Re: [patch 21/32] NTB/msi: Convert to msi_on_each_desc()

From: Jason Gunthorpe
Date: Fri Dec 03 2021 - 11:41:12 EST


On Fri, Dec 03, 2021 at 04:07:58PM +0100, Thomas Gleixner wrote:
> Jason,
>
> On Thu, Dec 02 2021 at 20:37, Jason Gunthorpe wrote:
> > On Thu, Dec 02, 2021 at 11:31:11PM +0100, Thomas Gleixner wrote:
> >> >> Of course we can store them in pci_dev.dev.msi.data.store. Either with a
> >> >> dedicated xarray or by partitioning the xarray space. Both have their
> >> >> pro and cons.
> >> >
> >> > This decision seems to drive the question of how many 'struct devices'
> >> > do we need, and where do we get them..
> >>
> >> Not really. There is nothing what enforces to make the MSI irqdomain
> >> storage strictly hang off struct device. There has to be a connection to
> >> a struct device in some way obviously to make IOMMU happy.
> >
> > Yes, I thought this too, OK we agree
>
> One thing which just occured to me and I missed so far is the
> association of the irqdomain.

Oh? I though this was part of what you were thinking when talkinga
about using the mdev struct device.

> but I really need to look at all of the MSI infrastructure code whether
> it makes assumptions about this:
>
> msi_desc->dev->irqdomain
>
> being the correct one. Which would obviously just be correct when we'd
> have a per queue struct device :)

Right

I'd half expect the msi_desc to gain a pointer to the 'lfunc'

Then msi_desc->dev becomes msi_desc->origin_physical_device and is
only used by IOMMU code to figure out MSI remapping/etc. Maybe that
allows solve your aliasing problem (Is this the RID aliasing we see
with iommu_groups too?)

> > Lets imagine a simple probe function for a simple timer device. It has
> > no cdev, vfio, queues, etc. However, the device only supports IMS. No
> > MSI, MSI-X, nothing else.
> >
> > What does the probe function look like to get to request_irq()?
>
> The timer device would be represented by what? A struct device?

Lets say it is a pci_device and probe is a pci_driver probe function

> If so then something needs to set device->irqdomain and then you can
> just do:
>
> msi_irq_domain_alloc_irqs(dev->irqdomain, dev, ...);

Okay, but that doesn't work if it is a PCI device and dev->irqdomain
is already the PCI MSI and INTx irqdomain?

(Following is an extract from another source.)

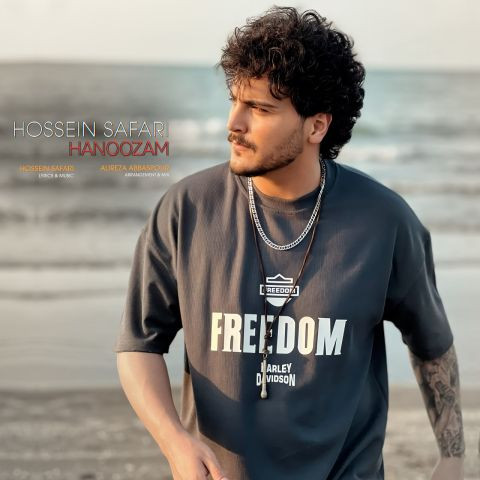 دانلود آهنگ حسین صفری به نام هنوزم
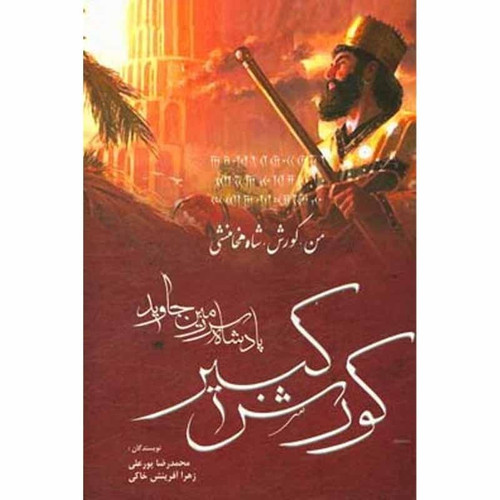 کتاب دست دوم کتاب کورش کبیر: پادشاه سرزمین جاوید از محمدرضا پورعلی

> To do that, I need to understand the bigger picture and the intended
> usage because otherwise we end up with an utter mess.

Sure

> >> The idea is to have a common representation for these type of things
> >> which allows:
> >>
> >> 1) Have common code for exposing queues to VFIO, cdev, sysfs...
> >>
> >> You still need myqueue specific code, but the common stuff which is
> >> in struct logical_function can be generic and device independent.
> >
> > I will quote you: "Seriously, you cannot make something uniform which
> > is by definition non-uniform." :)
> >
> > We will find there is no common stuff here, we did this exercise
> > already when we designed struct auxiliary_device, and came up
> > empty.
>
> Really?

Yes.. It was a long drawn out affair, and auxiliary_device is just a
simple container

> >> 2) Having the MSI storage per logical function (queue) allows to have
> >> a queue relative 0 based MSI index space.
> >
> > Can you explain a bit what you see 0 meaning in this idx numbering?
> >
> > I also don't understand what 'queue relative' means?
> >
> >> The actual index in the physical table (think IMS) would be held in
> >> the msi descriptor itself.
> >
> > This means that a device like IDXD would store the phsical IMS table
> > entry # in the msi descriptor? What is idx then?
> >
> > For a device like IDXD with a simple linear table, how does the driver
> > request a specific entry in the IMS table? eg maybe IMS table entry #0
> > is special like we often see in MSI?
>
> If there is a hardwired entry then this hardwired entry belongs to the
> controlblock (status, error or whatever), but certainly not to a
> dynamically allocatable queue as that would defeat the whole purpose.
>
> That hardwired entry could surely exist in a IDXD type setup where the
> message storage is in an defined array on the device.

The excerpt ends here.